Although he couldn’t communicate fluently in Tamil, his earnestness appealed to the filmmaker. In two months’ time, three-year-old Mahendran — accompanied by his father, of course — went to Kushaldas Gardens for a “meeting with the director.”

It went off well and, in a couple of months, they were all off to Gobichettipalayam to shoot for  Naatamai. Mahendran has vague memories of the shoot. “I was surrounded by Sarath Kumar, Vijayakumar, Manorama and Ponnambalam — all big film artistes — for a panchayat scene, but I just kept staring at them. I remember KSR sir squatting on the floor and narrating what I was supposed to do. Whatever he acted out to me, I just copied it.” For Mahendran, that panchayat scene marked the beginning of what was going to be a promising journey in the film industry. Since then, he has worked with many big stars — including Rajinikanth and Kamal Haasan — as a child artist. “I did four films with Rajini sir, from whom I’ve learnt a lot. And Kamal sir is a guru for any child artiste.”

All this on-the-sets work did take a toll on his schooling. “Till my ninth standard, I didn’t pass a single test,” he cheekily states, “But my school was quite aware of the fact that I was a child actor and that I had commitments.”

Anybody who’s grown up watching Tamil films of the 90s would remember Mahendran and the twinkle in his eyes, and he continues his association with the industry till date.
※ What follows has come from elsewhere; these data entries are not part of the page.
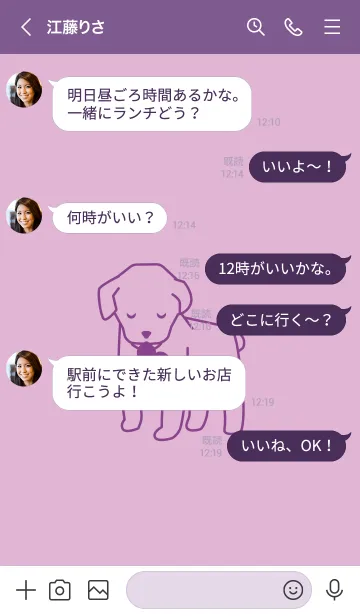 [LINE着せ替え] 子犬とハート Liraの画像4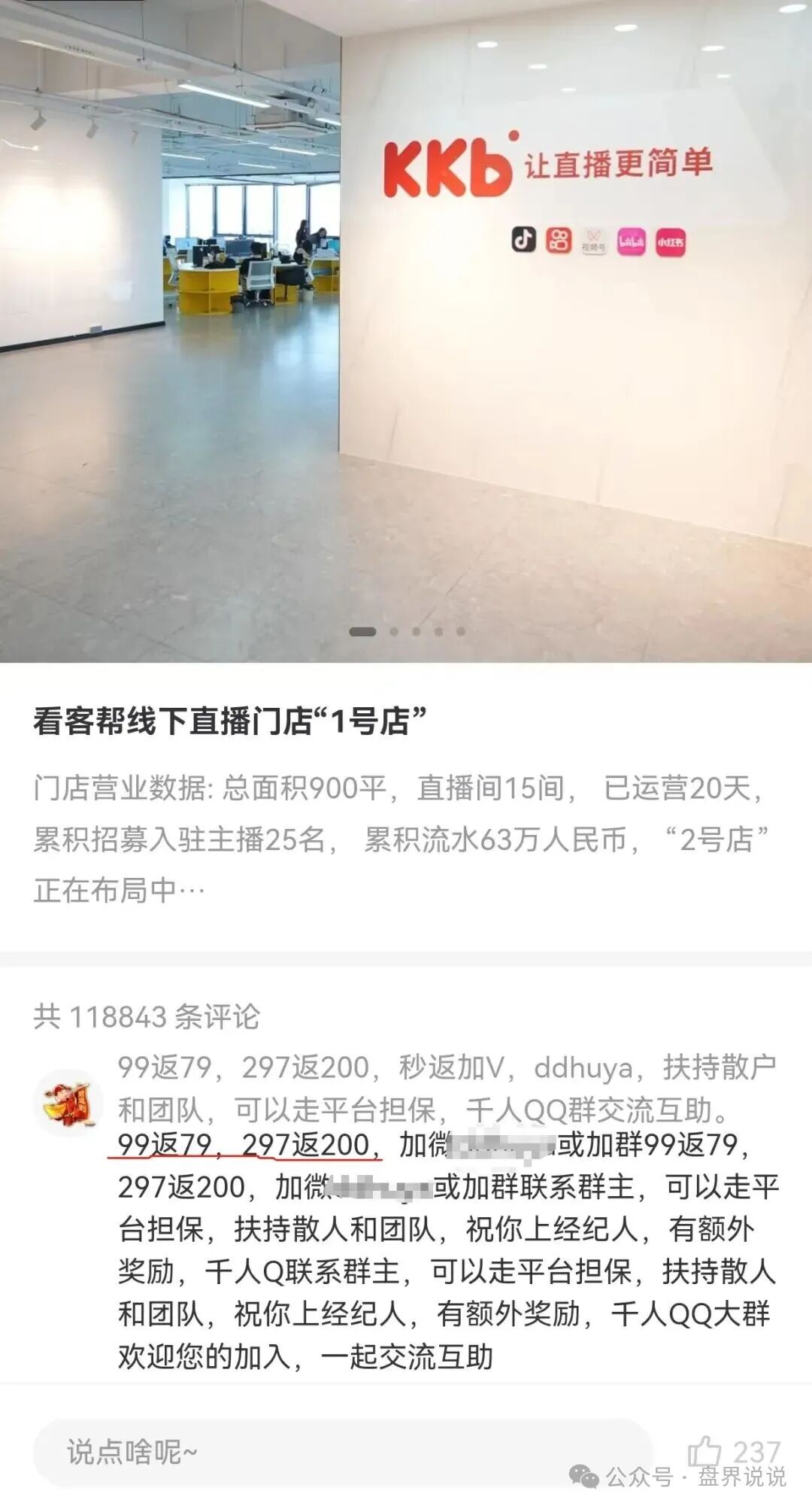 【看客帮】骗局正式暴雷,操盘团伙正是抖推联盟原班人马,意图改名艺人库再次收割。 【看客帮】骗局正式暴雷,操盘团伙正是抖推联盟原班人马,意图改名艺人库再次收割。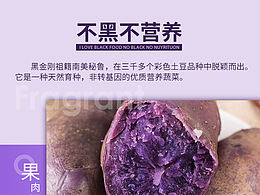 电商食品页面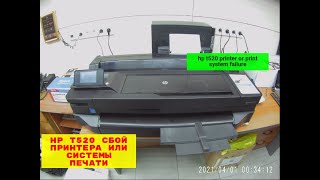 Cбой принтера или системы печати в плоттерах Hp T120/520/125/525/ hp officejet pro 8600. Ремонт. .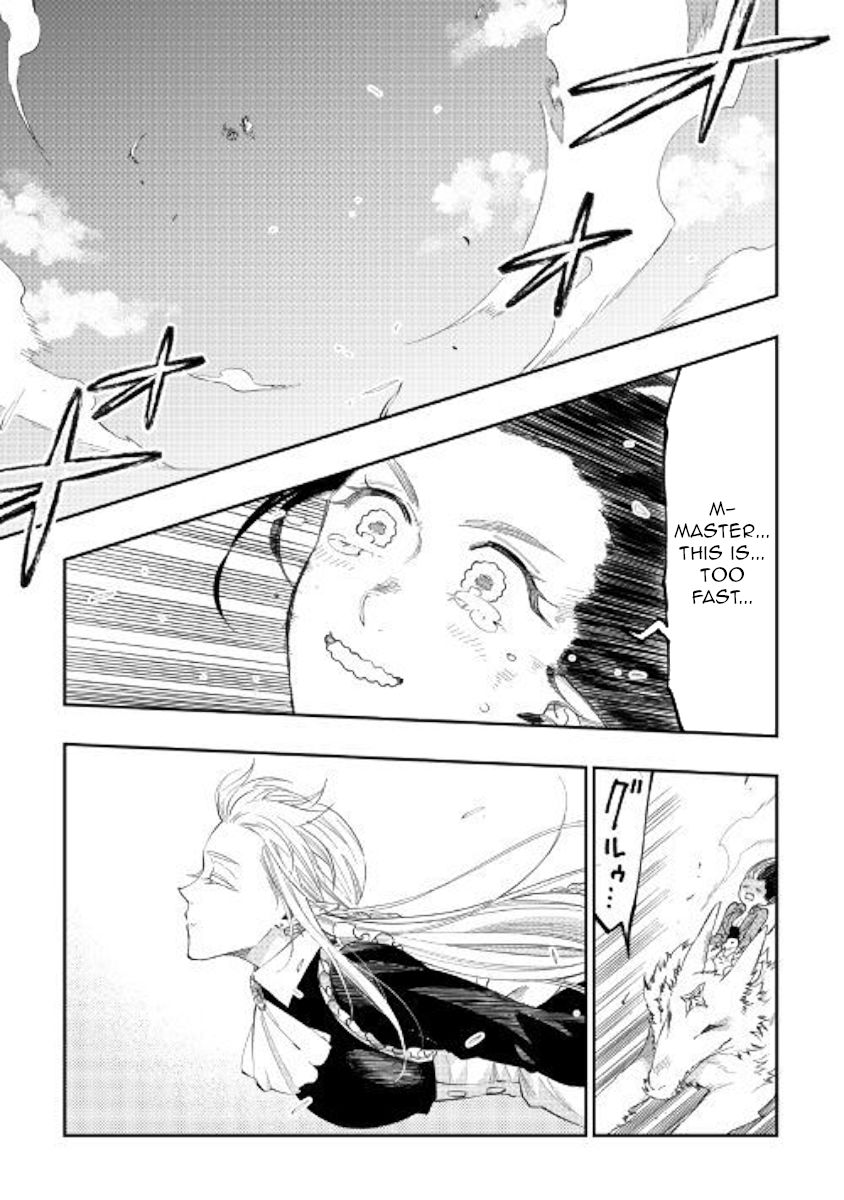 Read The New Gate Manga Online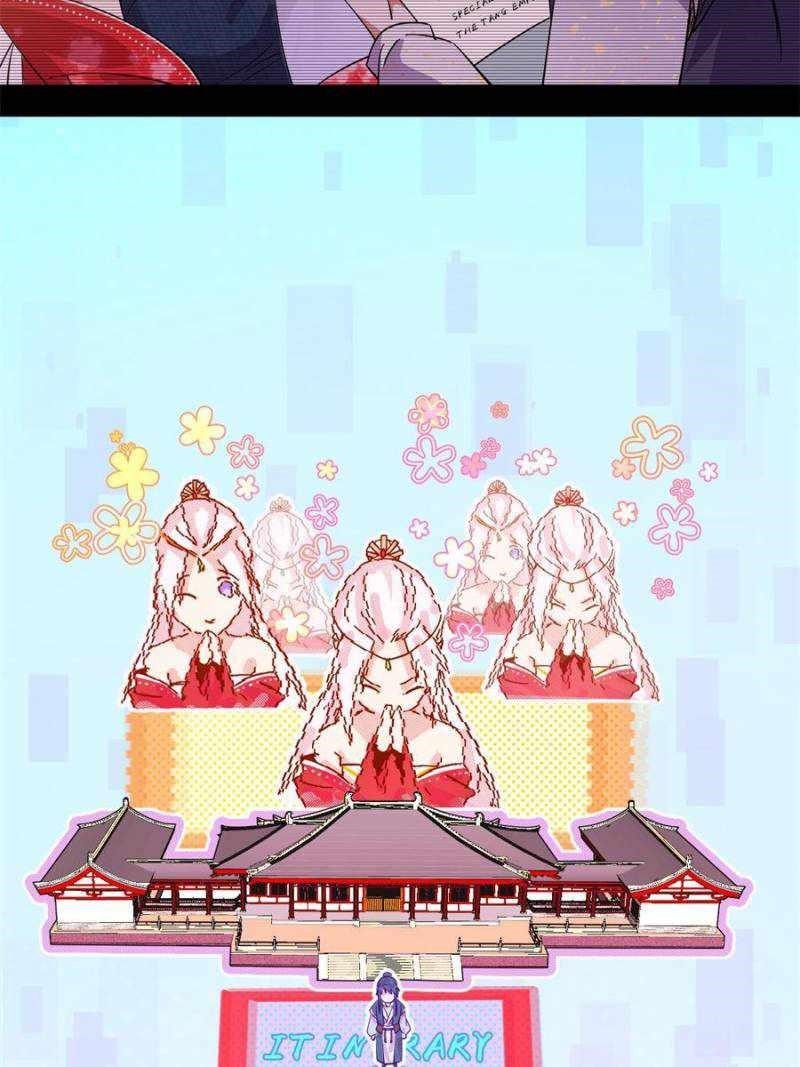 I’m An Evil God Chapter 395 - Page 2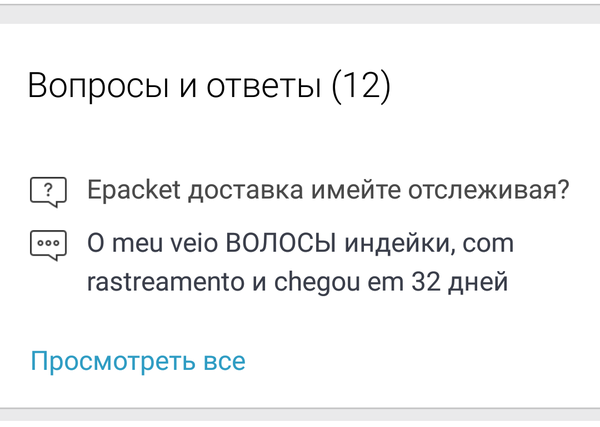Какой вопрос такой ответ
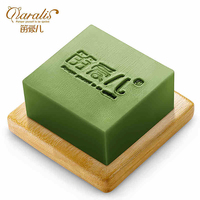 笛爱儿抹茶手工皂120g洁面洗脸皂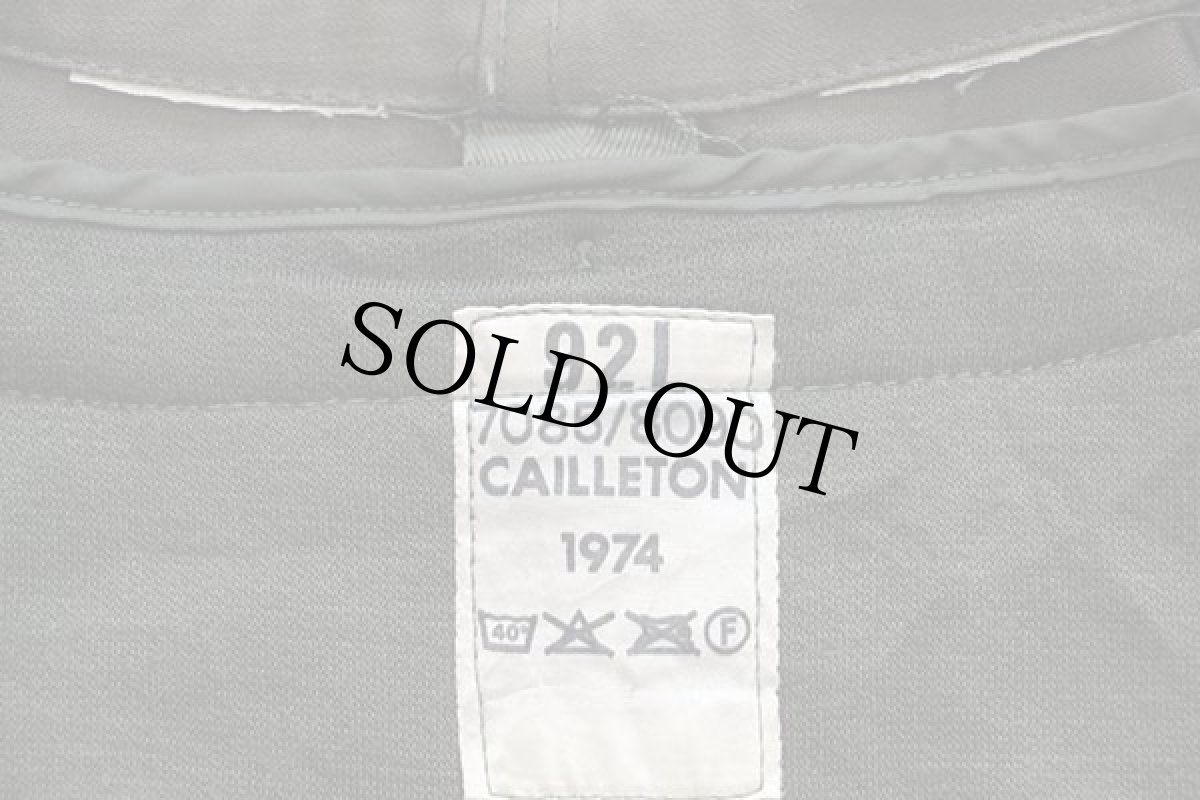 画像4: 70s フランス軍 M-64 フィールドパーカー パイルライナー付き オリーブ 92L★モッズコート (4)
He’s a hero now;  Vizha, starring him in the lead role, was released a couple of years ago.

It had him portraying someone who plays the  thappu instrument at funerals and was based on the short film Uthiri, which featured him as well. “The short film, which bagged the second place in that season of the popular show Naalaiya Iyakkunar, was appreciated by the likes of K. Balachander and Kamal Haasan,” reveals Mahendran.

Up next is  Marudanda Seemailae, an urban Chennai-based film. “I love my beard and have always sported it, but I’m taking it off now for this project. Let’s see how people react when they see me like this.”

Name: Anand Krishnamoothi

Claim to fame: May Madham (1994), Sathi Leelavathi (1995)

Career Graph: Started acting at the age nine
Anand does not drive. Owning to bad driving skills, he is a regular user of the city’s public transport system. A child star, with an uncanny resemblance to his younger days, taking autos and buses every day? “Oh yes, people still recognise me from what I did as a kid,” says 34-year-old Anand, casually.

When Anand was nine years old, he was acting in school plays. By the time he was 10, however, he had already shot to prominence as the little boy from Anjali, who first makes friends with the mentally-challenged child, thereby influencing all his peers. “At that point, I didn’t give it much thought. It was all fun, but then one thing led to another… Maybe the director {Mani Ratnam} saw something in me, because he called me back for Thalapathi.”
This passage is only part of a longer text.